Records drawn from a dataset

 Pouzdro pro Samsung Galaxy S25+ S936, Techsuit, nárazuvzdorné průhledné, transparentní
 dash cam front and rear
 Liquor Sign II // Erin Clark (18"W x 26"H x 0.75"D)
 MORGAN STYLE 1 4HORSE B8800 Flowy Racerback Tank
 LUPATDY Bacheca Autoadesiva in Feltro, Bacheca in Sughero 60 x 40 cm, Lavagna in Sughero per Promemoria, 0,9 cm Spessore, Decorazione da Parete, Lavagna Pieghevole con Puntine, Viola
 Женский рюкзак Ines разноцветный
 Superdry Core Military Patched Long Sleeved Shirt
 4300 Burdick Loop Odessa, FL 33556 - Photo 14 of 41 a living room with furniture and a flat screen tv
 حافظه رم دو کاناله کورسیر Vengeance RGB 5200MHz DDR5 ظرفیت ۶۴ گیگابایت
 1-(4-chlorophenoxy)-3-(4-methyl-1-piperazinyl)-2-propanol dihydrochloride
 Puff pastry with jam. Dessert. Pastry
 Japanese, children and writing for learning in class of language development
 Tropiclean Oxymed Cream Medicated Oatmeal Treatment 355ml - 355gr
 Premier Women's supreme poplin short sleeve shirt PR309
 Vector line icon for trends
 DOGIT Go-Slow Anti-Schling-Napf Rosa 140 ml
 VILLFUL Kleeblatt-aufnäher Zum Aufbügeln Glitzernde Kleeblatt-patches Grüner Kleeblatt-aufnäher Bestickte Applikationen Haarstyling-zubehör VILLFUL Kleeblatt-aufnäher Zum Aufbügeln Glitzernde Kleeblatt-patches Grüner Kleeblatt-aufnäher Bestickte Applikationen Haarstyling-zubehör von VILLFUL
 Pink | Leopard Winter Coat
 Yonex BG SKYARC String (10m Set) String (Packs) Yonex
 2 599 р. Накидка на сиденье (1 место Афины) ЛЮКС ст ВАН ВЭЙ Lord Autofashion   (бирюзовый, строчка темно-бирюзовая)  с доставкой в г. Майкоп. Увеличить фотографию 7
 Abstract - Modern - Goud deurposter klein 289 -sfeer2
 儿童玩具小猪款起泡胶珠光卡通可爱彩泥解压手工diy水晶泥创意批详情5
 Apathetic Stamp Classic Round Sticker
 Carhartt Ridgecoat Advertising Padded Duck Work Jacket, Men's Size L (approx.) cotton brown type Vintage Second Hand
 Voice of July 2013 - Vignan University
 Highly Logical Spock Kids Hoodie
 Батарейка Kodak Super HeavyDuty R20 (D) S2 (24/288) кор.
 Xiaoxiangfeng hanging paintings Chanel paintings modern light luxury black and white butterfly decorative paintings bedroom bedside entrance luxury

### REQUIRED ACTION
Print, please, the lines above from the very first through the one that holds "Tropiclean Oxymed Cream", both included, word for word and with nothing else.

### OUTPUT FOR THIS EXERCISE
 Pouzdro pro Samsung Galaxy S25+ S936, Techsuit, nárazuvzdorné průhledné, transparentní
 dash cam front and rear
 Liquor Sign II // Erin Clark (18"W x 26"H x 0.75"D)
 MORGAN STYLE 1 4HORSE B8800 Flowy Racerback Tank
 LUPATDY Bacheca Autoadesiva in Feltro, Bacheca in Sughero 60 x 40 cm, Lavagna in Sughero per Promemoria, 0,9 cm Spessore, Decorazione da Parete, Lavagna Pieghevole con Puntine, Viola
 Женский рюкзак Ines разноцветный
 Superdry Core Military Patched Long Sleeved Shirt
 4300 Burdick Loop Odessa, FL 33556 - Photo 14 of 41 a living room with furniture and a flat screen tv
 حافظه رم دو کاناله کورسیر Vengeance RGB 5200MHz DDR5 ظرفیت ۶۴ گیگابایت
 1-(4-chlorophenoxy)-3-(4-methyl-1-piperazinyl)-2-propanol dihydrochloride
 Puff pastry with jam. Dessert. Pastry
 Japanese, children and writing for learning in class of language development
 Tropiclean Oxymed Cream Medicated Oatmeal Treatment 355ml - 355gr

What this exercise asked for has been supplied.